Helping women and minorities get into newsrooms since 1993

Wilson hopes ascent into leadership is a catalyst for change

Jadyn Watson-Fisher
SJI Class of 2018

Lisa Wilson’s fascination with journalism started during her childhood, when she would write the sports editor at the Buffalo News in her New York hometown. Her career came full circle when she accepted that same position in 2011, fulfilling a lifelong dream.

Now the sports editor of ESPN’s The Undefeated, Wilson became the first black woman elected to leadership of the Associated Press Sports Editors in April.

Wilson ran for second vice president thinking it would be good experience but said she was surprised when the organization elected her. She will serve a three-year term, which includes one-year each as second vice president, first vice president and president in 2020.

“It’s so amazing to think that in 44 years there’s never been a black woman elected to office, and now that it’s happened, it’s me,” Wilson said. “It’s incredible for two reasons — to think that, ‘Wow, I’m that woman,’ but that it’s also taken 44 years to happen. I’m going to celebrate this victory and just make sure it doesn’t go another 44 years between black women serving in APSE leadership.”

Wilson, who is just the second African-American in APSE leadership and fifth woman to be in line for the presidency, has simple goals for her term. She desires to increase and diversify the organization’s membership, while working with the National Association of Black Journalists Sports Task Force to do the same in newsrooms around the nation. She hopes to keep in contact with editors to help let them get connected with other journalists, even if that means making phone calls herself.

Sherrod Blakely, NABJ Sports Task Force chairman, believes Wilson can make a difference.

“When you look at APSE, there has been a clear and undeniable void at the top of their respective food chain in terms of actual diversity,” said Blakely, a digital media reporter for NBC Sports Boston. “I think Lisa is going to do a great job, helping address that lack of diversity within the organization.”

Blakely said he also hopes to see the additional collaboration between NABJ and APSE with Wilson in leadership.

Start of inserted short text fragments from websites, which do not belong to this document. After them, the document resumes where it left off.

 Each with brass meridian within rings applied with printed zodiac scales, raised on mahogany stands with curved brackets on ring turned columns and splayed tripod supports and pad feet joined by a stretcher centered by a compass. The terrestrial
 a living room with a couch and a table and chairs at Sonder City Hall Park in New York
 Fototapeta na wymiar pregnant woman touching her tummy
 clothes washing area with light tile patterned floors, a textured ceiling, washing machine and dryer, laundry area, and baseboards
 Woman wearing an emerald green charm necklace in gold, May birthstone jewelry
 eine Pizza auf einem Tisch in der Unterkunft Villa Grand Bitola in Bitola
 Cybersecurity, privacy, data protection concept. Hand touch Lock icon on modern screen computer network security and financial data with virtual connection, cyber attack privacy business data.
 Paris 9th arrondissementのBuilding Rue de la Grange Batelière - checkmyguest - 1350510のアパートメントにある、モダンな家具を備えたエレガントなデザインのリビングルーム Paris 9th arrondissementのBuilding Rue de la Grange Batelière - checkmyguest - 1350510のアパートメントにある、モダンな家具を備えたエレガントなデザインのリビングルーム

He believes Wilson will become an advocate for better relationships among newspapers striving to be more diverse.

Garry D. Howard, the first African American to serve as APSE president, said he is elated to see Wilson ascend to the top of the organization.

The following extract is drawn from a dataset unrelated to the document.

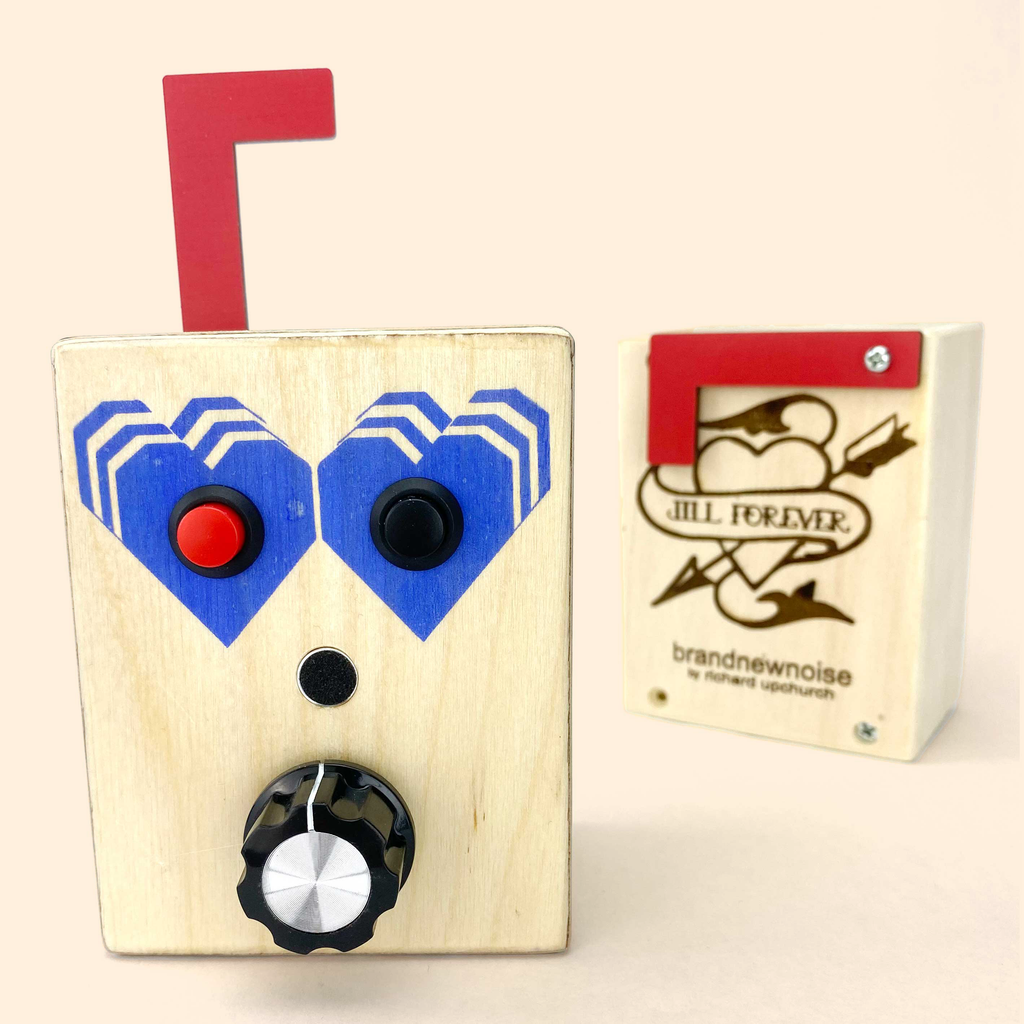 BrandNewNoise musical toy with blue hearts design, red mailbox flag, and  custom tattoo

“Lisa will have the chance to make a permanent mark on the organization while simultaneously proving that she has the talent, skills and leadership to be one of the best individual sports editors in the country,” said Howard, director of corporate initiatives for American City Business Journals.

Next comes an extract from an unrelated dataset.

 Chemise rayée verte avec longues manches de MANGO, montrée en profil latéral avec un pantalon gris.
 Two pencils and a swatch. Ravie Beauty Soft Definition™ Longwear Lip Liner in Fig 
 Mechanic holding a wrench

“I feel like I was accepted as the leader of the organization when I was elected President, regardless of the lack of minorities in the group,” Howard added. “APSE is progressive in thought, but it takes a strong person to right wrongs, and Lisa has all the goods to continue to change the narrative.

“I have no doubt she will be absolutely fantastic in this leadership position.”

Wilson will remain in her position at The Undefeated — which currently has projects planned to look back at the 1968 Olympics and what she calls the black assistant coach pipeline in the NFL, assessing the number of black offensive assistants and coordinators — but is excited to start her new role.

Wilson’s term will begin at the end of the APSE summer conference in June.

“I embrace this opportunity, and APSE has been wonderful to me, welcoming to me from the beginning,” she said. “Now it’s time for me to give back to this group, and I can’t wait to get started. I’m really looking forward to it.”